ChatGPT Encounters Morphing Attack Detection: Zero-Shot MAD with Multi-Modal Large Language Models and General Vision Models
Haoyu Zhang, Raghavendra Ramachandra, Kiran Raja, Christoph Busch
TL;DR
This work tackles generalization and explainability gaps in single-image Morphing Attack Detection (S-MAD) by introducing zero-shot MAD methods that do not rely on morphing training data. It develops two pathways: a multimodal large language model (LLM)–based MAD that uses carefully designed prompts with Chain-of-Thought reasoning, and a general vision-model–based MAD that relies on an anchor embedding built from bona fide images. Experiments on a print-scanned morph dataset across three morphing algorithms show that LLM-based ZS-MAD can generalize to unseen morphs and provide human-readable explanations, while the vision-model baseline offers competitive zero-shot performance depending on configuration.

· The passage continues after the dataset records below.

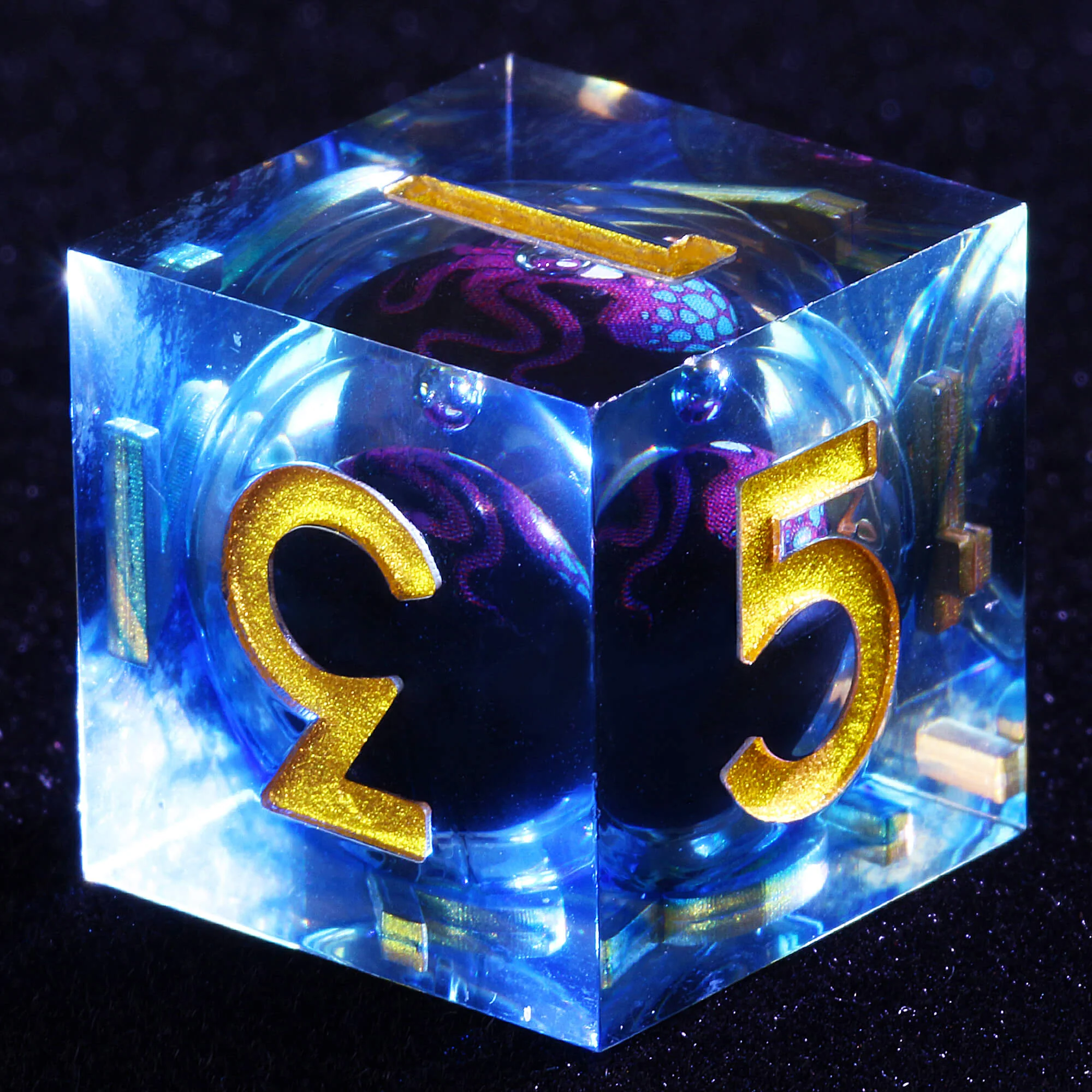Polyhedral Cool Octopus Liquid Core DnD Set Dice - Image 3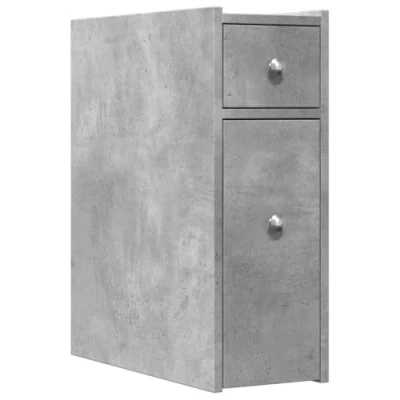 Image of vidaXL Narrow Bathroom Cupboard with Wheels Concrete Grey Engineered Wood Tall Slim Storage Cabinet 21.5 x 50 60 cm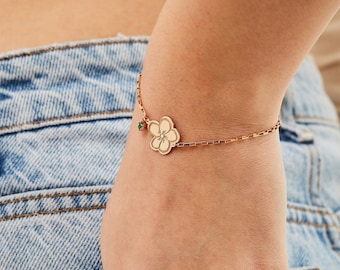 Benutzerdefinierte Armband mit Blume, personalisiertes Geschenk für sie, handgemachter Schmuck - Birthstone Armband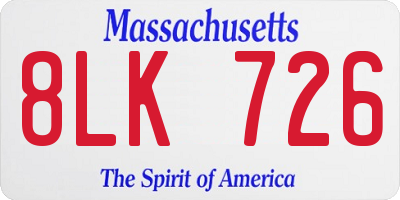 MA license plate 8LK726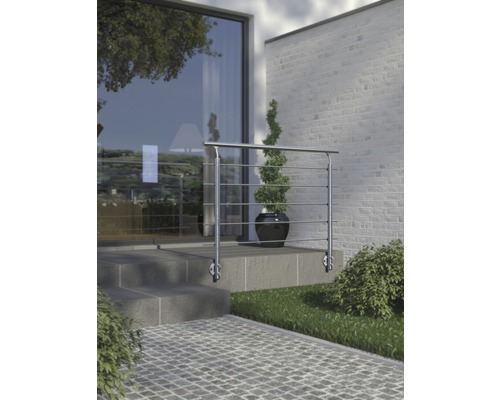 Geländer-Komplettset Pertura Aluminium mit fünf Edelstahlstäben für Seitenmontage B: 1.50 m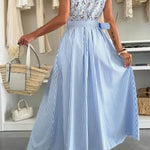 Retro Lace-Trimmed Splicing Striped Print Button-Down Maxi Dress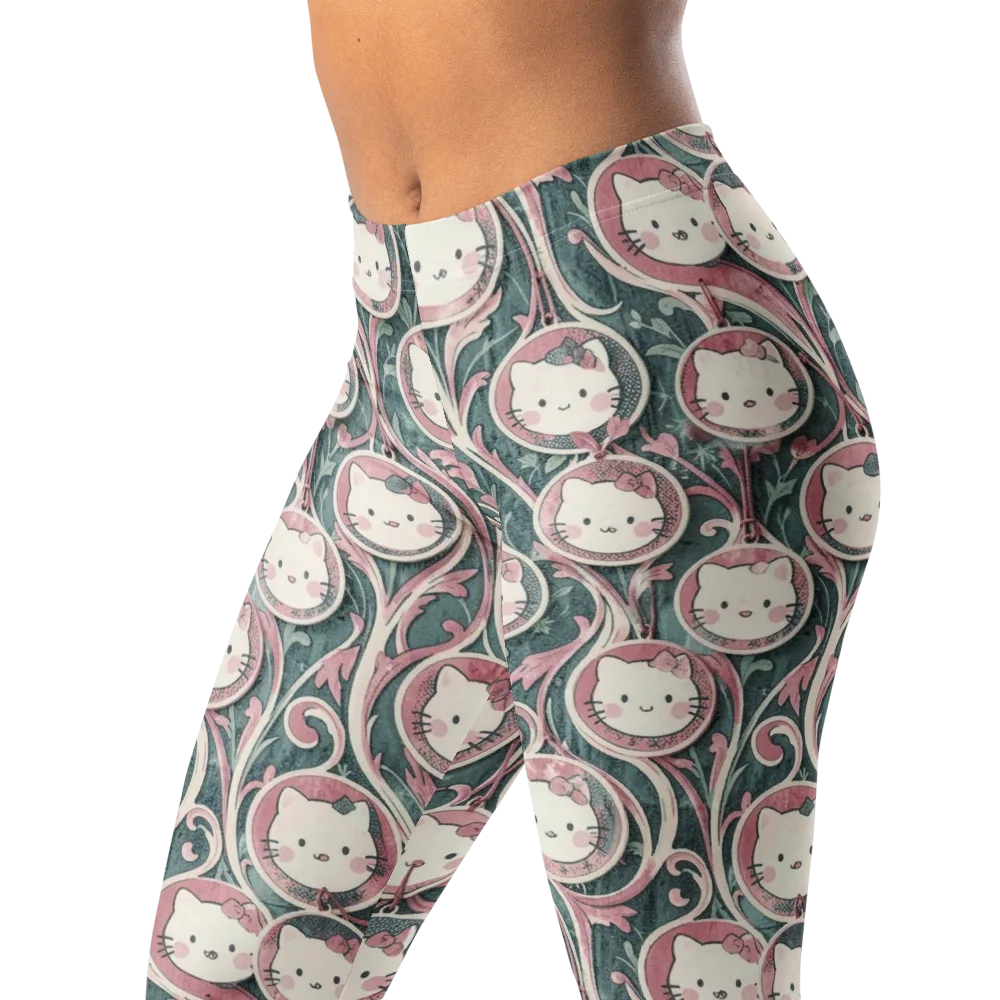Mistletoe Kittens on Leggings — Left Front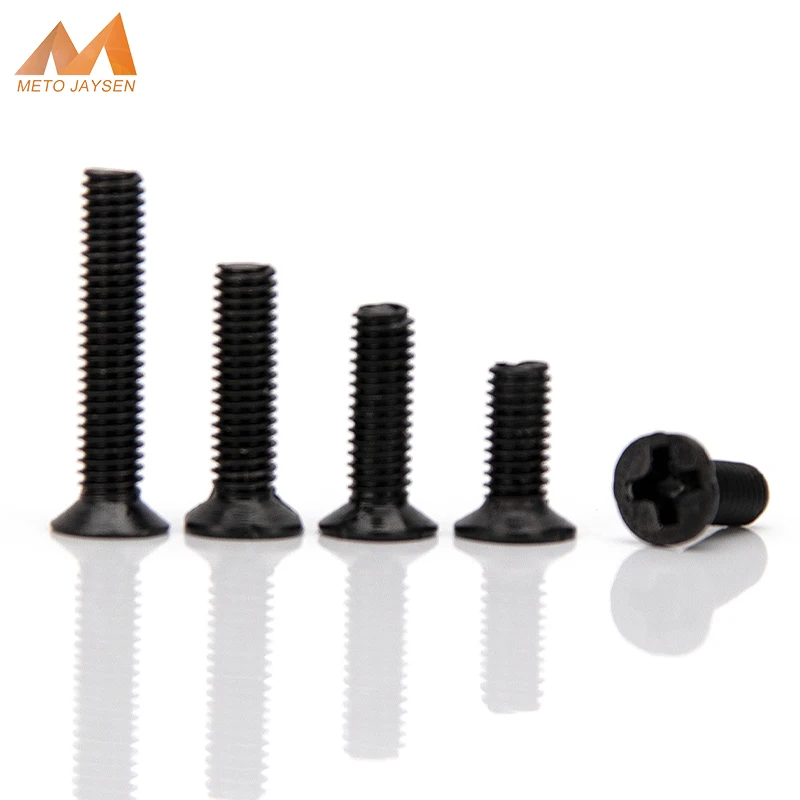 

M2-M3 Black Zinc Countersunk Head Phillips Screw Cross Recessed Machine Screw Phillips Head Metric Bolts Length 3mm-16mm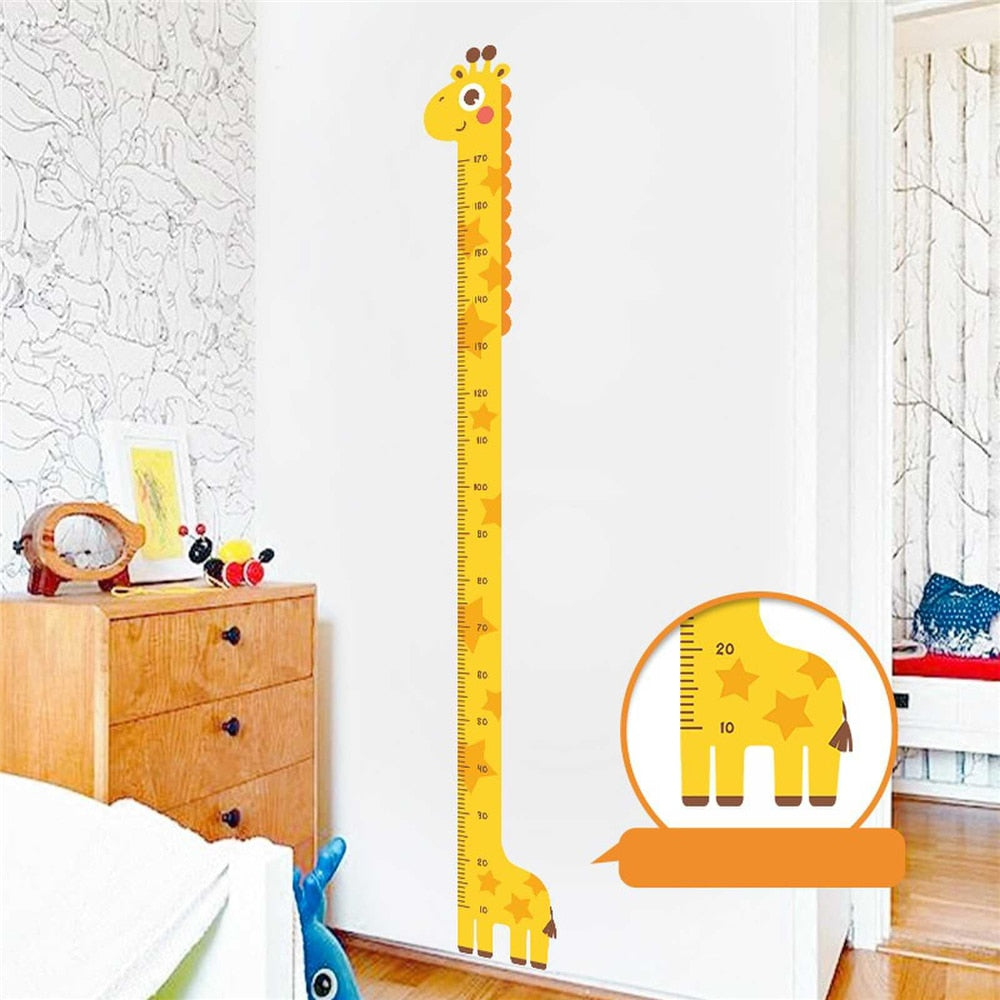 Autocollants muraux d'animaux mignons ou rigolos pour mesurer la taille des enfants Girafe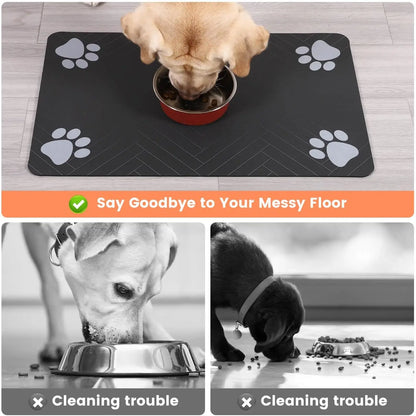 Pet Feeding Mat-Absorbent Placemat for Food and Water Bowl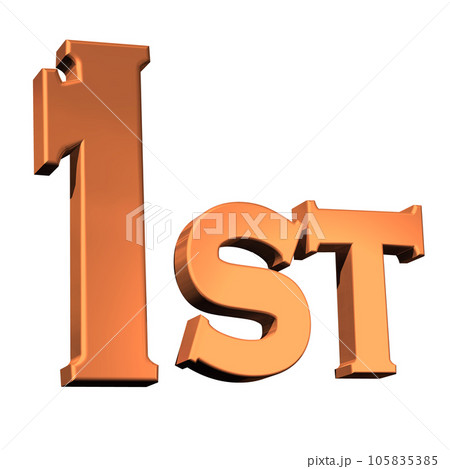 立体（3D）文字「1st /ファースト」オレンジ,橙のイラスト素材 [105835385] - PIXTA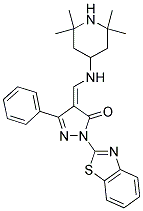 2-BENZOTHIAZOL-2-YL-5-PHENYL-4-[(2,2,6,6-TETRAMETHYL-PIPERIDIN-4-YLAMINO)-METHYLENE]-2,4-DIHYDRO-PYRAZOL-3-ONE 结构式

The findings highlight the potential of LLMs to generalize to MAD tasks without extensive labeled data and to improve transparency at enrolment stations and border controls, guiding future work in prompt design, few-shot adaptation, and evaluation on real, non-synthetic data.
Abstract
Face Recognition Systems (FRS) are increasingly vulnerable to face-morphing attacks, prompting the development of Morphing Attack Detection (MAD) algorithms. However, a key challenge in MAD lies in its limited generalizability to unseen data and its lack of explainability-critical for practical application environments such as enrolment stations and automated border control systems. Recognizing that most existing MAD algorithms rely on supervised learning paradigms, this work explores a novel approach to MAD using zero-shot learning leveraged on Large Language Models (LLMs). We propose two types of zero-shot MAD algorithms: one leveraging general vision models and the other utilizing multimodal LLMs. For general vision models, we address the MAD task by computing the mean support embedding of an independent support set without using morphed images. For the LLM-based approach, we employ the state-of-the-art GPT-4 Turbo API with carefully crafted prompts. To evaluate the feasibility of zero-shot MAD and the effectiveness of the proposed methods, we constructed a print-scan morph dataset featuring various unseen morphing algorithms, simulating challenging real-world application scenarios. Experimental results demonstrated notable detection accuracy, validating the applicability of zero-shot learning for MAD tasks. Additionally, our investigation into LLM-based MAD revealed that multimodal LLMs, such as ChatGPT, exhibit remarkable generalizability to untrained MAD tasks. Furthermore, they possess a unique ability to provide explanations and guidance, which can enhance transparency and usability for end-users in practical applications.